Adamson, a corporate turnaround specialist who took the reins as chairman last month, said Kmart will eliminate or scale back merchandise categories with lackluster sales, but declined to name specific areas. 

Shipments are "close to" its plan, with 80 percent of its shelves stocked, Adamson said. Some suppliers, including electronics vendors, have not resumed shipments to stores, he said. 

"Everybody's kind of shellshocked," he said, referring to shareholders, employees and vendors reacting to the bankruptcy filing. 

REACHING OUT TO URBAN MARKETS 

In a retailing landscape increasingly ruled by leviathan Wal-Mart Stores Inc. , Kmart has struggled to find its niche. It has lost market share to both Wal-Mart and Target Corp. in recent years, as customers found rival stores better organized, better stocked and often with lower prices. 

"We need to bring the focus back to Kmart," Adamson said. "Who are we? We're still trying to define that." 

One way to overcome its identity crisis is by zeroing in on urban markets, he said. Black, Asian, Latino and American Indian shoppers account for 40 percent of sales. 

Kmart also wants to draw in customers by bulking up on popular brands only available in its stores, including Martha Stewart housewares and linens. Adamson said Kmart plans to expand the line, but he declined to give details. 

The Troy, Michigan-based retailer debuted an exclusive Disney Co. brand of children's clothing last month, targeting an older group than its Sesame Street apparel. 

Kmart's vice president of apparel and jewelry, Lorna Nagler, said Kmart made the Disney deal because of its "great appeal" to customers across all ethnic backgrounds. 

Adamson said Kmart is actively considering other license deals, but cautioned they would take time due to the bankruptcy proceedings. 

Adamson said Kmart was exploring increased benefits and bonuses to employees, and has begun matching contributions to employee 401k retirement funds. 

It was not immediately known how many jobs would be cut due to the coming store closures. 

SHEDDING SCARLET LETTER 

Kmart is the third company that Adamson has been hired to guide out of bankruptcy.
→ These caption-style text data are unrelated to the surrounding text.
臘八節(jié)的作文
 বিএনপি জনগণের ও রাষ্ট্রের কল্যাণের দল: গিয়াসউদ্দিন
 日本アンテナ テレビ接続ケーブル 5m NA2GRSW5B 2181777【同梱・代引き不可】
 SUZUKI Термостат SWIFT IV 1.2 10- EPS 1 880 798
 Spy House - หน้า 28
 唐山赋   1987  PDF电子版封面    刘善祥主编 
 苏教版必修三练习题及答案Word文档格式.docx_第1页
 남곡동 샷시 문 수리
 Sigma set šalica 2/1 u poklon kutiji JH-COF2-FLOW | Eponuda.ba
A low-profile member of Kmart's board since 1996, he is credited with reviving the Denny's restaurant chain in the late 1990s after race discrimination lawsuits damaged its reputation. 

Adamson said it would be more difficult to breathe life back into Kmart than it was at Denny's because of Kmart's enormity. "This is not a complicated bankruptcy. It's a big bankruptcy," he said. 

He said that while Kmart lawyers have targeted next summer for emerging from Chapter 11, he wants it done sooner. 

"Our people are aware of the scarlet letter of Chapter 11, and we'd like to get that removed as soon as possible," he said. "Every day, it hurts this company." 

Shares of Kmart, which have plunged 88 percent over the past year, closed off a penny to $1.13 Tuesday on the New York Stock Exchange.